In Cooperstown, New York, a quest to get into baseball ends up being beaten up in the Wood Bat Factory’s batting cage.
Getting hit by a baseball
Yeeeeeouch. It seems that baseball isn’t quite for complete wusses after all. The fastball crunches into my finger and thumb, and I immediately throw the bat down in order to shake my hand about and do a few swears.
The balls are coming in at 60 miles per hour. Crashing into fingernails, that’s more than fast enough thank you. But it’s nowhere near as fast as major league pitches.
The batting cages of Cooperstown
The second leg of my quest to get into baseball was about playing the game. Near the baseball stadium in Cooperstown, New York, are the Wood Bat Factory’s batting cages. Essentially, you can rock up and pay to have the sort of machines that proper baseball players would use hurl balls at you. You stand there, swing and hopefully thwack the things hard into the back netting.

Baseball pitching speeds
But first up is a test that no man with the faintest streak of testosterone in his body seems able to resist. Boys really, really like seeing how fast they can throw something. And thus a radar-measured test of pitching speed has a magnetic lure.
Cunningly, they’ve broken down records by age group. The best anyone in my age group has managed today is 64 miles per hour (although clearly a professional has been in and clocked 94 earlier in the month).
I get five goes, hurling with full might into the back netting, and the best I can manage is 51 miles per hour. A later Google vanity check shows that ten-year-old little league pitchers would be pretty unimpressed with that. The technique clearly needs some work.
Baseball batting for cricketers
Standing in the batting cages is a very odd experience for someone more accustomed to a cricket bat. The ball seems to arrive roughly as quickly as I’ve faced before, but the angles are all wrong. The ball doesn’t bounce, the bat is held horizontally behind me, and missing a straight one isn’t an utter disaster.
The different cages offer different speeds and styles of delivery. Oddly, the fastball is easiest. Aside from the one that makes me do girly whimpers as it hits my fingers, I at least make contact with all ten machine pitches. I’ve no idea whether any of them would be legal shots or not, but two go flying as intended.

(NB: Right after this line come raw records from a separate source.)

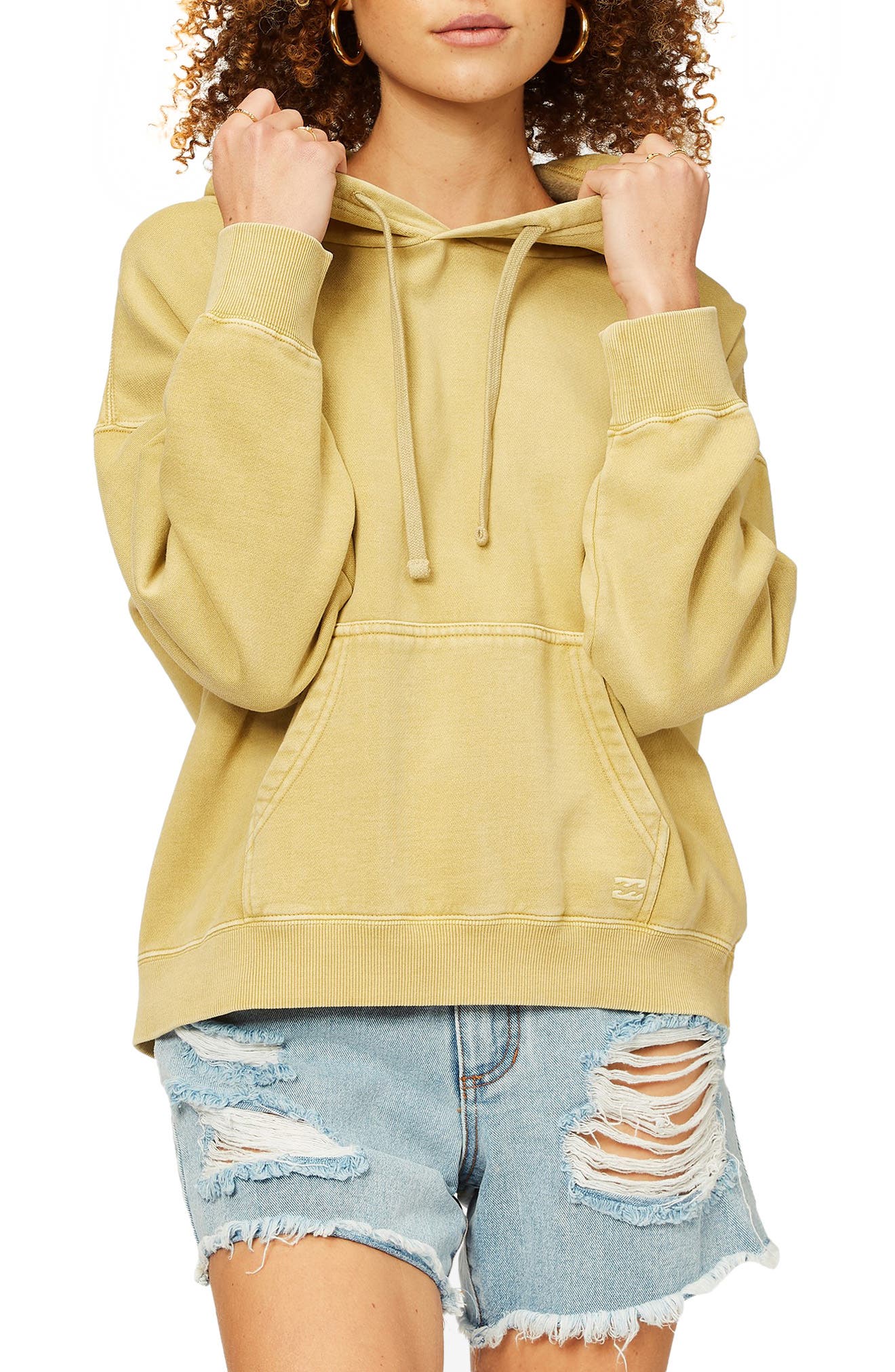 light olive hoodie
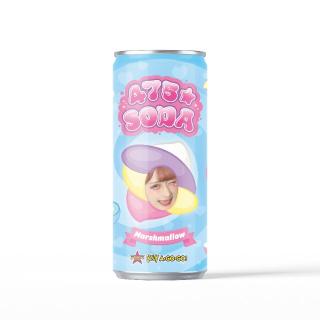 【しなこちゃん】【Bマシュマロ味】475☆SODA　3種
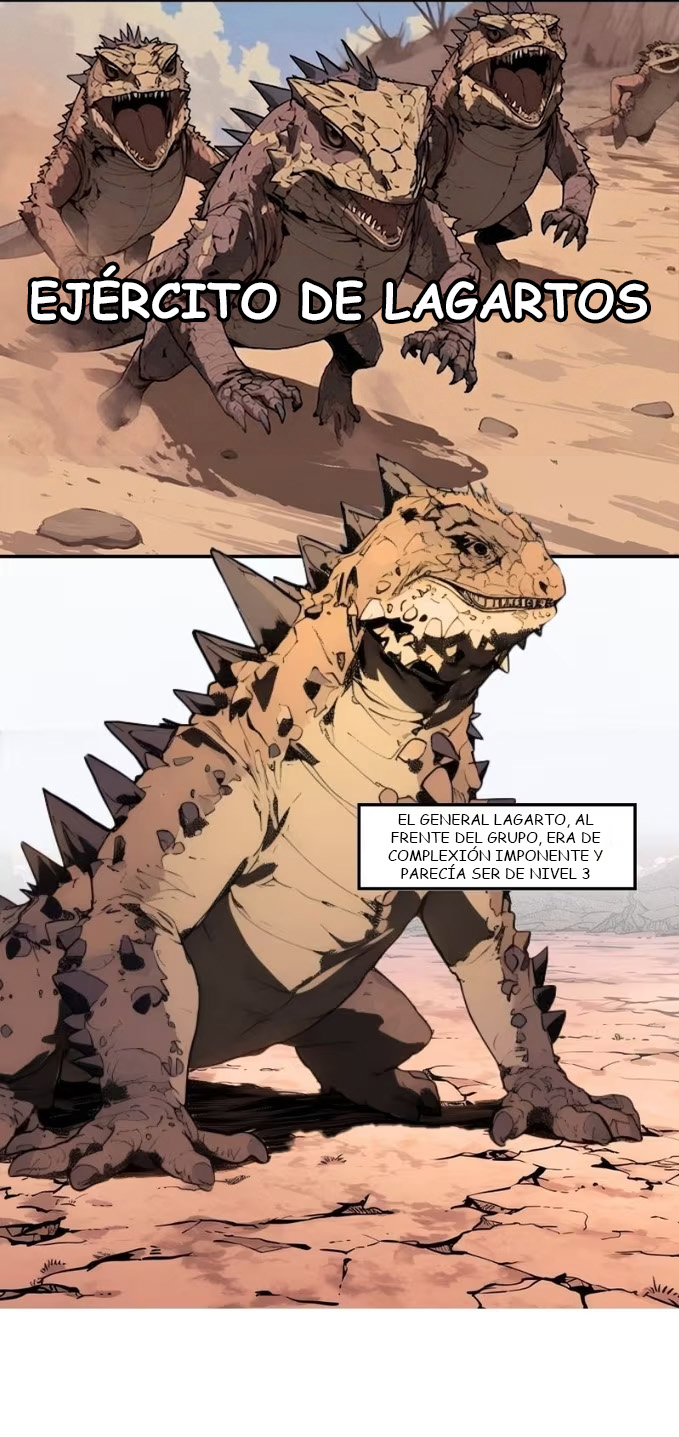 Mi Evolución a Partir de un Lago capítulo 7 página 7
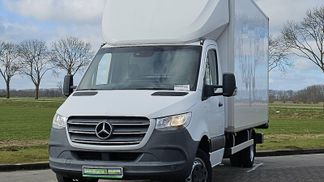 Leasing Closed Box Mercedes-Benz SPRINTER 516 2019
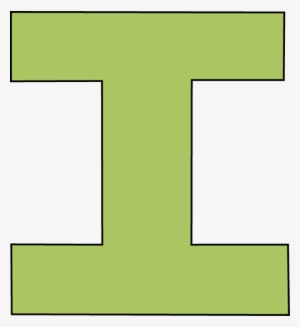 The Letter I - Clip Art #406868 The Letter I - Clip Art #406868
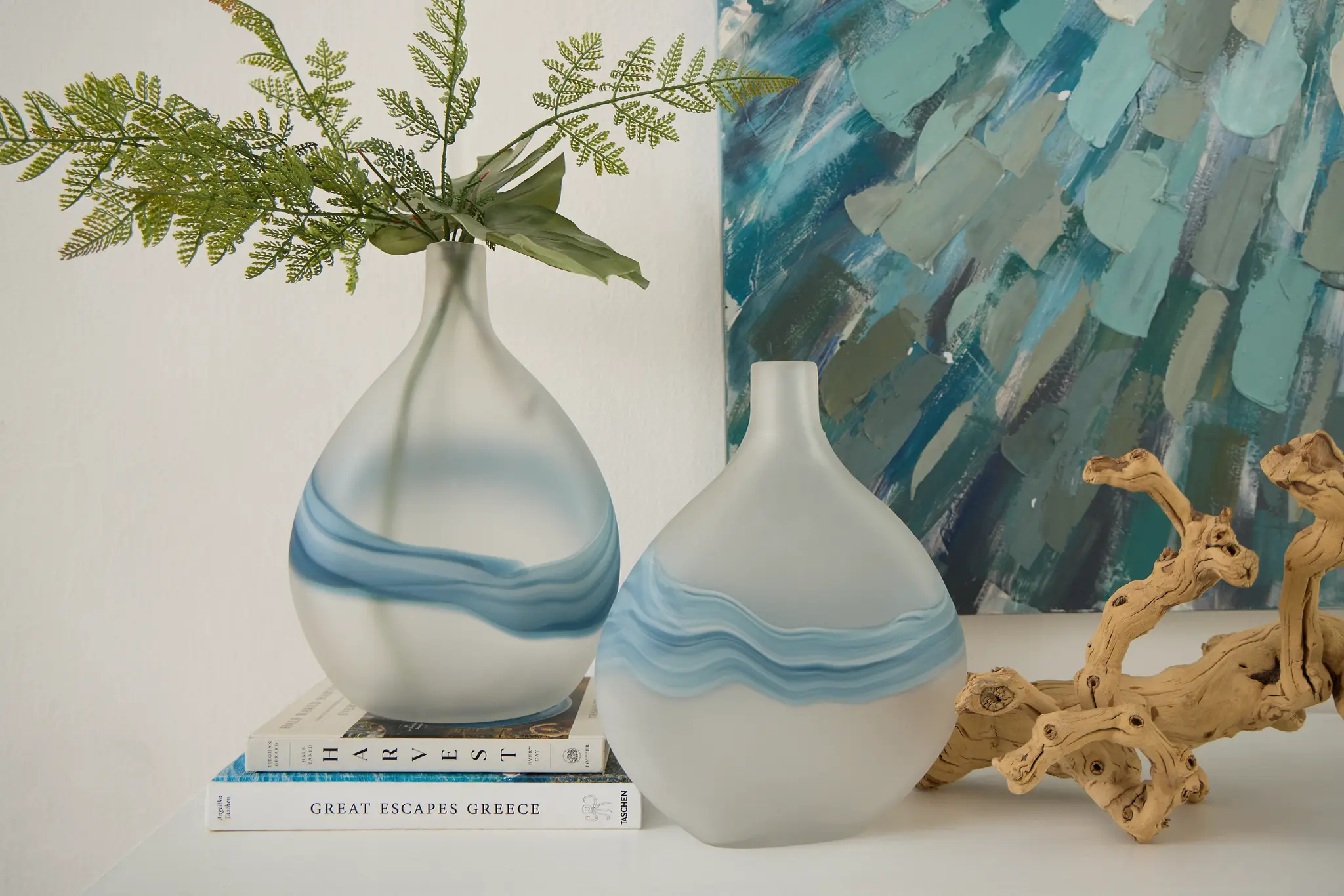 Eloise Blue Vase Eloise Blue Vase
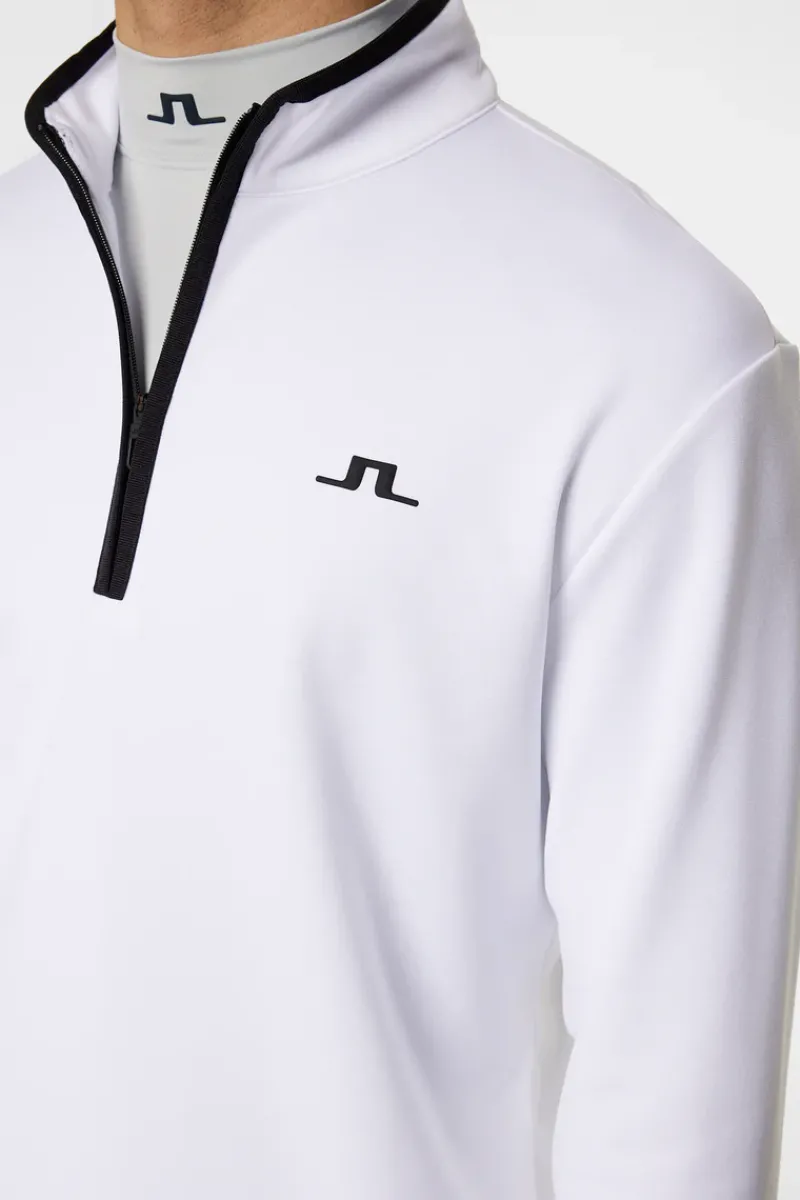 J.Lindeberg Clide Quarter Zip Mid Layer* Golf|Base & Mid Layers
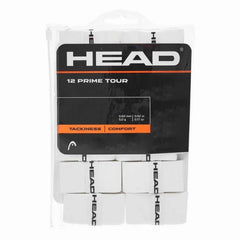 Overgrips Head Prime Tour Blanco x12 Unidades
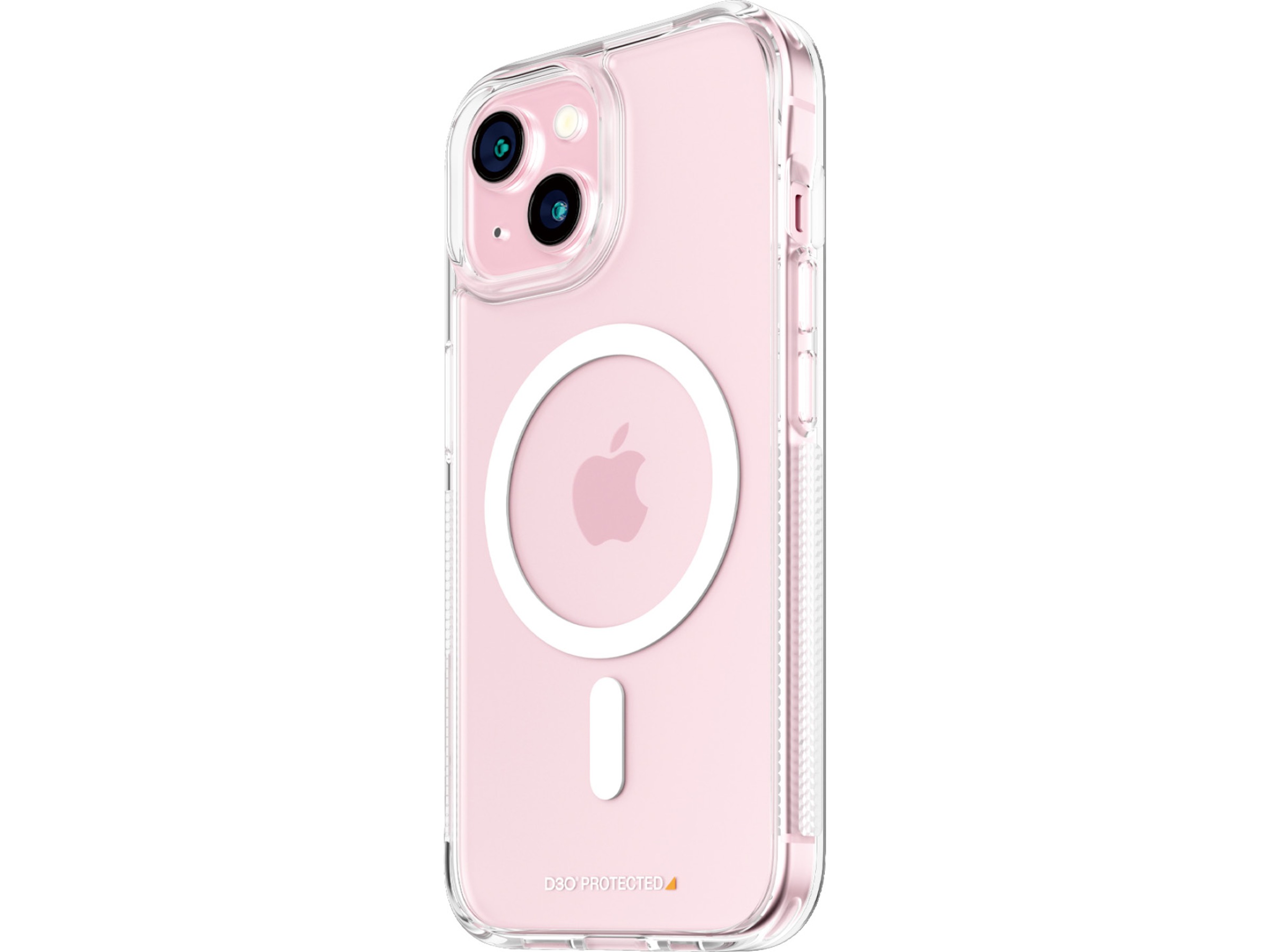 PanzerGlass iPhone 15 HardCase Cover (gennemsigtig) Mobilcover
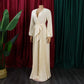 Elegant Pleated Jumpsuits & Rompers Full Sleeve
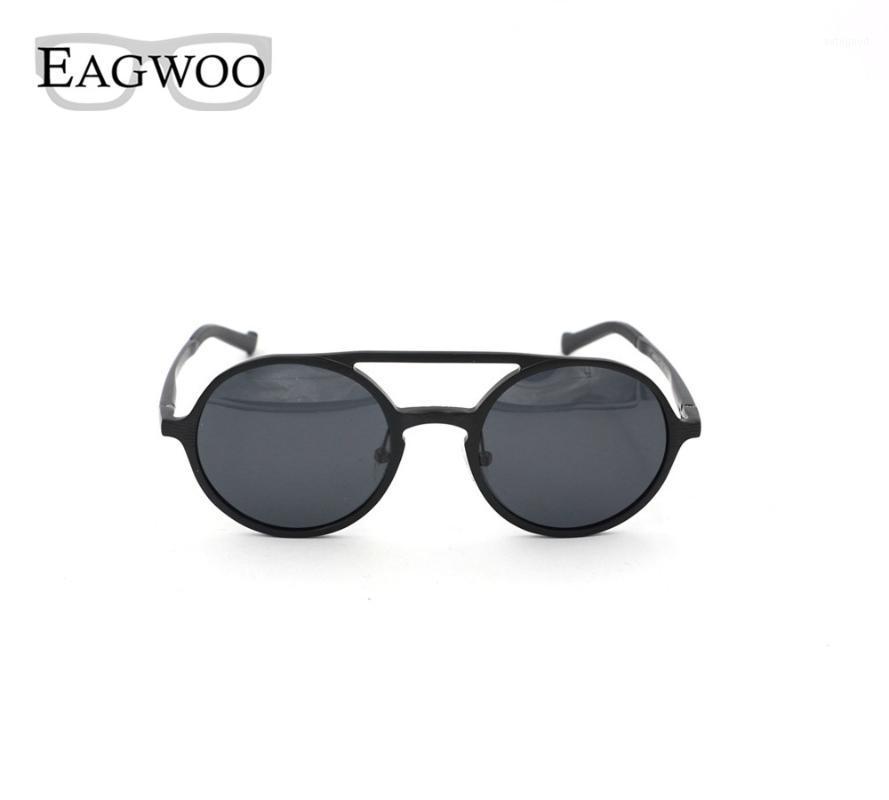 

Sunglasses Polarized Aluminium Round Vintage Nerd Sun Glasses Anti Glare 85761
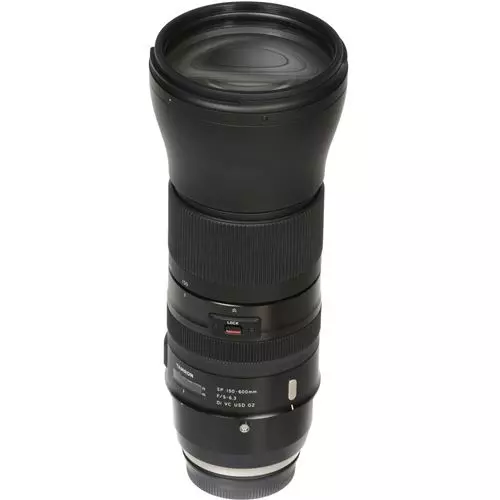 עדשת טמרון Tamron for Canon SP 150-600mm f/5-6.3 Di VC USD G2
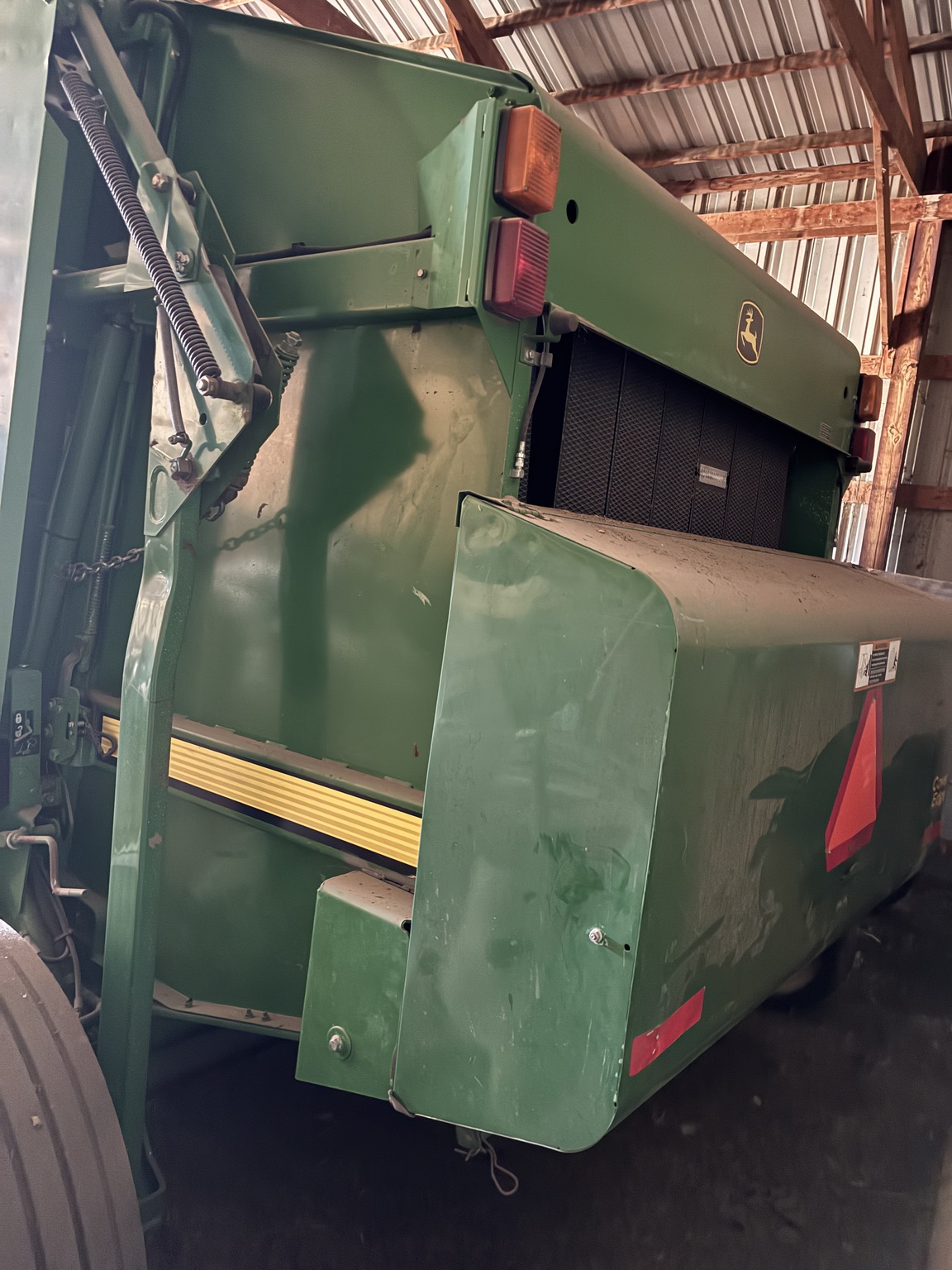  2007 John Deere 568 at LandMark in Holdrege, NE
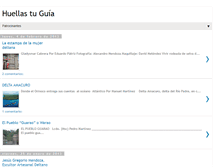 Tablet Screenshot of huellastuguia.blogspot.com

I’ll call them home runs because no-one else is there to dispute it. The rest are a fine array of cover drives, cuts, pulls through mid-wicket and top edges that could take anyone behind me’s teeth out.
It feels good until I learn that Major League pitchers tend to send their fastballs down at around 95 miles per hour. Ouch. Good luck even seeing that.
Different baseball pitches
It’s in the other cages that the appeal of baseball finally clicks. There I face 40mph right hand overhand curve balls, 55mph knuckle balls and 50mph sliders. They’re much harder to deal with, partly because they move around and partly because you feel like you’re not getting your money’s worth unless you swing at them, even when they’re clearly going out of the zone.
But the idea that you can do so many things with the ball, and that there’s strategy and psychology to it, appeals to me. It’s something that, if I put the effort in, I could probably get into.